A esposa se levantou para pegar um copo d´água. Carlos foi atrás. Recomeçava a ladainha, mas agora com contornos blasfemos. De que valia a oração antes do turno? Ela não queria ouvir, mas Carlos precisava dizer que todo mundo na fábrica, todo mundo, tá me ouvindo?, sem exceção, é hipócrita. De súbito, o Pai Nosso que antecedia o expediente perdeu seu valor. Não se sabe se porque Deus lhes tinha negado o pão nosso de cada dia ou porque Deus tinha feito Sua vontade – algo que Carlos, naquele momento, não era capaz de aceitar.
Até aquela hora, não havia menção sobre o que fazer dali para frente. O seguro-desemprego os ajudaria por um tempo. Também tinha a família. Sempre tem. Eles sabiam que não ficariam totalmente desamparados. Pela cabeça de Carlos passou a possibilidade de trabalhar como motorista de aplicativo. Por que não? Ou finalmente aceitar o convite do cunhado chato. E ainda por cima petista! Mas... fazer o quê?

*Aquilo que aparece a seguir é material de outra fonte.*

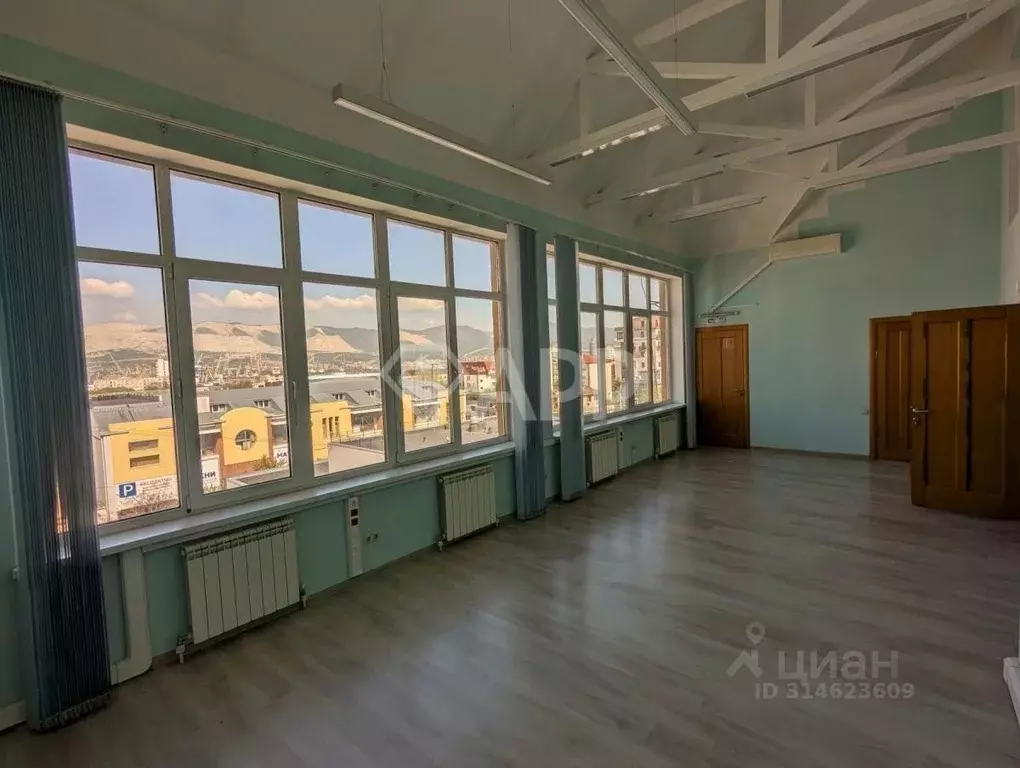 Офис в Краснодарский край, Новороссийск ул. Видова, 1А (31 м) - Фото 0
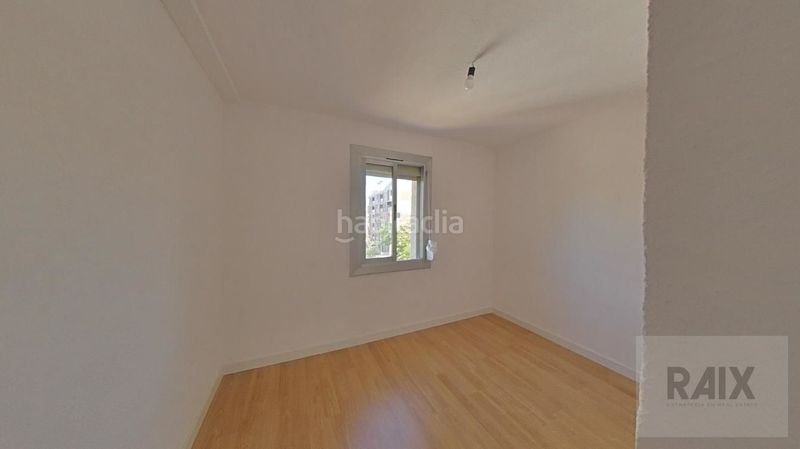 Foto a8f91758-5e31-49fc-be31-3146a5a72eb7. Pis a Els Merinals Sabadell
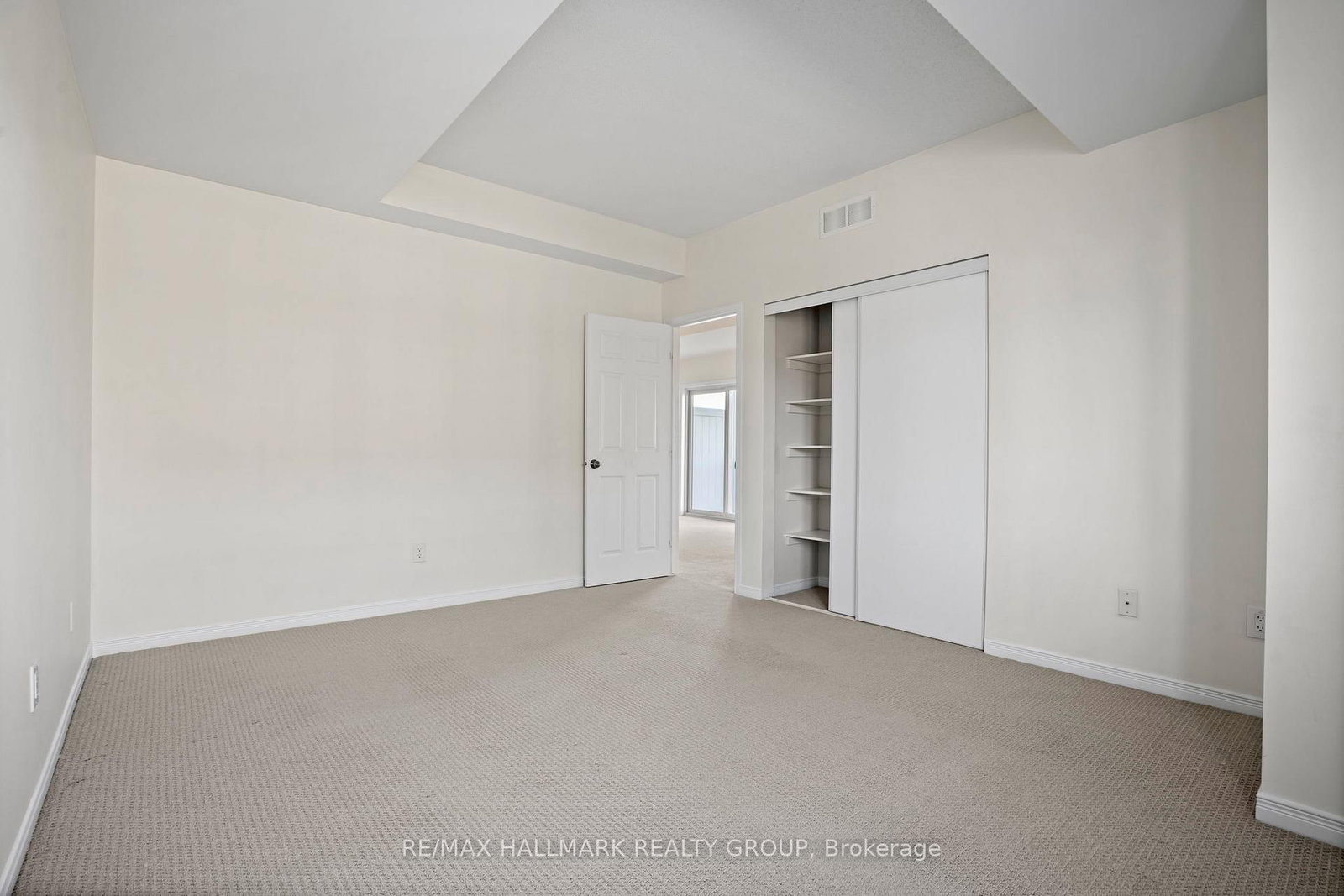 42 Sternes Private • Orleans, ON photo 17
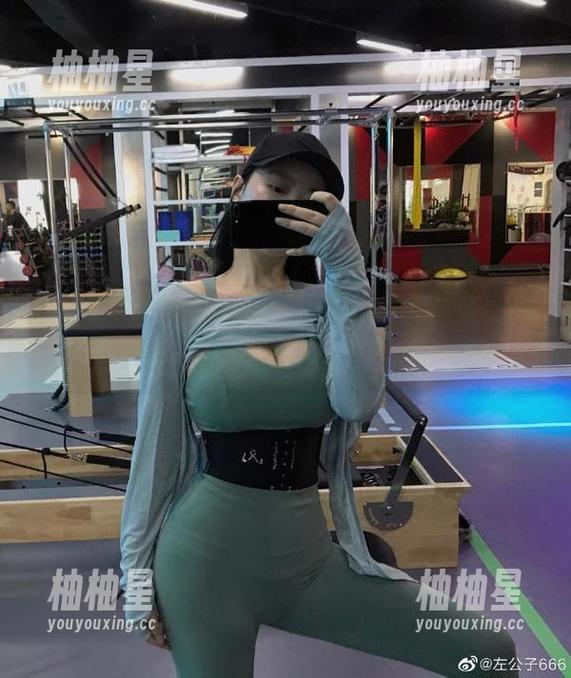微密圈 - 左公子666最新分享：这张女友的图片真让人停不下来，太绝了吧？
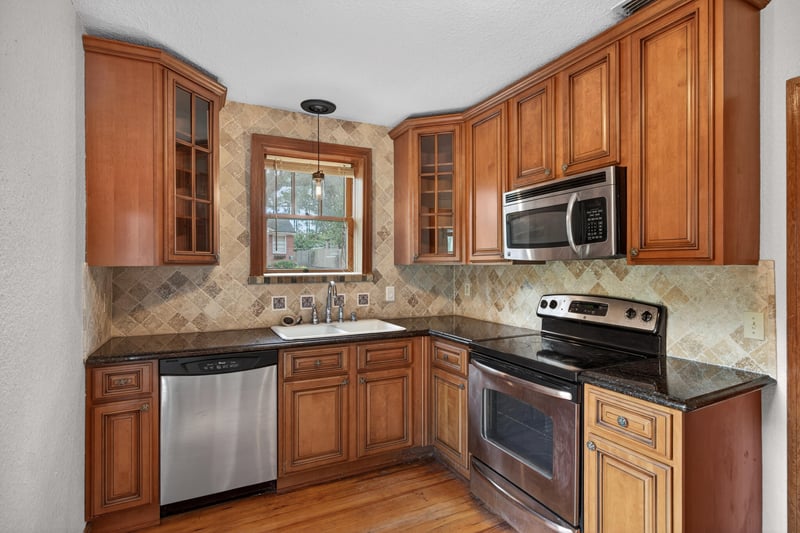 Photo 11 of 3766 Sommers St, Jacksonville, FL 32205, photographed by Megapixeler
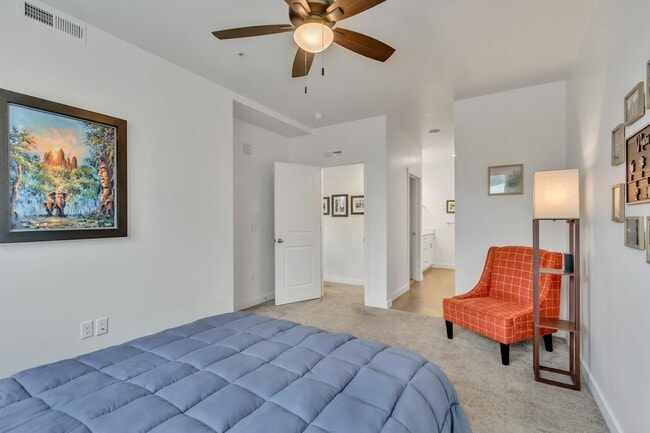 Building Photo - Spacious 3 Bed 2 Bath Condo in Sandy!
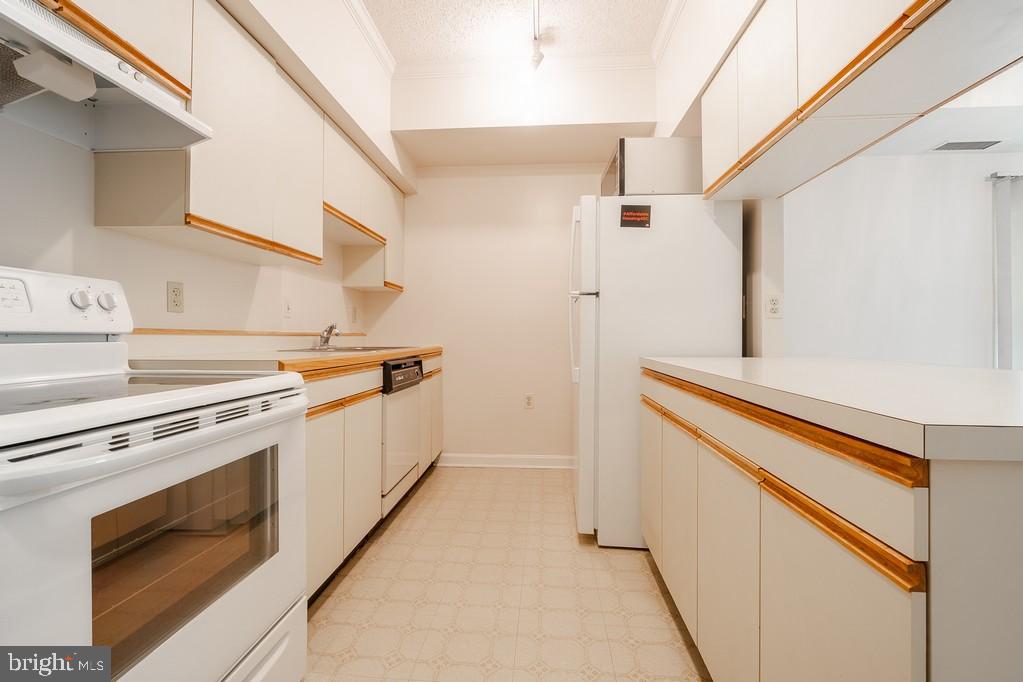 1211 S EADS ST S #401, ARLINGTON, Virginia 22202, 1 Bedroom Bedrooms, ,1 BathroomBathrooms,Residential,For sale,1211 S EADS ST S #401,VAAR2056842 MLS # VAAR2056842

Jantaram. À mesa, a mulher tentou desanuviar o ambiente tempestuoso com veja-bens e não-é-bem-assins. Aqui e ali ela riu, riu com gosto. Carlos, que não estava prestando atenção, se assustou, para logo em seguida encontrar algum consolo naquela exposição franca dos dentes e na melodia insólita da gargalhada. Aos poucos, e sem perceber, Carlos se embriagava de resignação.
Foram dormir cedo, sem ligar a televisão, como de costume. Ainda bem! Senão, Carlos teria ficado ainda mais irritado e com medo do porvir com aqueles comentaristas todos falando em venezuelização. Sem falar na imagem repugnante e onipresente do ditador, pelo qual Carlos nutria um ódio imponente e instintivo. No silêncio triste que os unia, a mulher pegou a mão do marido e a pousou em sua barriga. Maria chutou, ele riu, Maria chutou, ele pensou no preço da fralda descartável, Maria chutou e o coração dele se encheu de um amor inexplicável (e um tiquinho piegas, vai).
O sono demorou a chegar. Carlos se virava para a direita e começava a pensar que era azarado. Virava-se para a esquerda e começava a pensar que era um desgraçado. De barriga para cima, ressentia-se das escolhas que tinha feito na vida, e ainda mais das que a vida tinha feito por ele. De bruços, incomodava-o o tuntuntum do coração, num lembrete perpétuo de que sim, ele estava vivo. Sim, tinha contas a pagar, problemas, frustrações. E sim, este é um vale de lágrimas. Até que a enxurrada de raiva e cansaço o arrastou para os domínios do sono.
Carlos dormiu. Ao raiar do novo dia, porém, a explosão. Um estrondo grave que não era tiro nem escapamento de moto. Carlos se levantou como um personagem de desenho animado e, imóvel e de olhos arregalados, era como se aguardasse o impacto de um avião contra o solo. Naquele instante, porém, ele não pensou na demissão, nem no chefe, nem na política que tanto o angustiava. Carlos pensou apenas que estava vivo, que um novo dia, cheio de possibilidades, estava nascendo, e que em breve estaria reclamando alegremente do chorinho da Maria.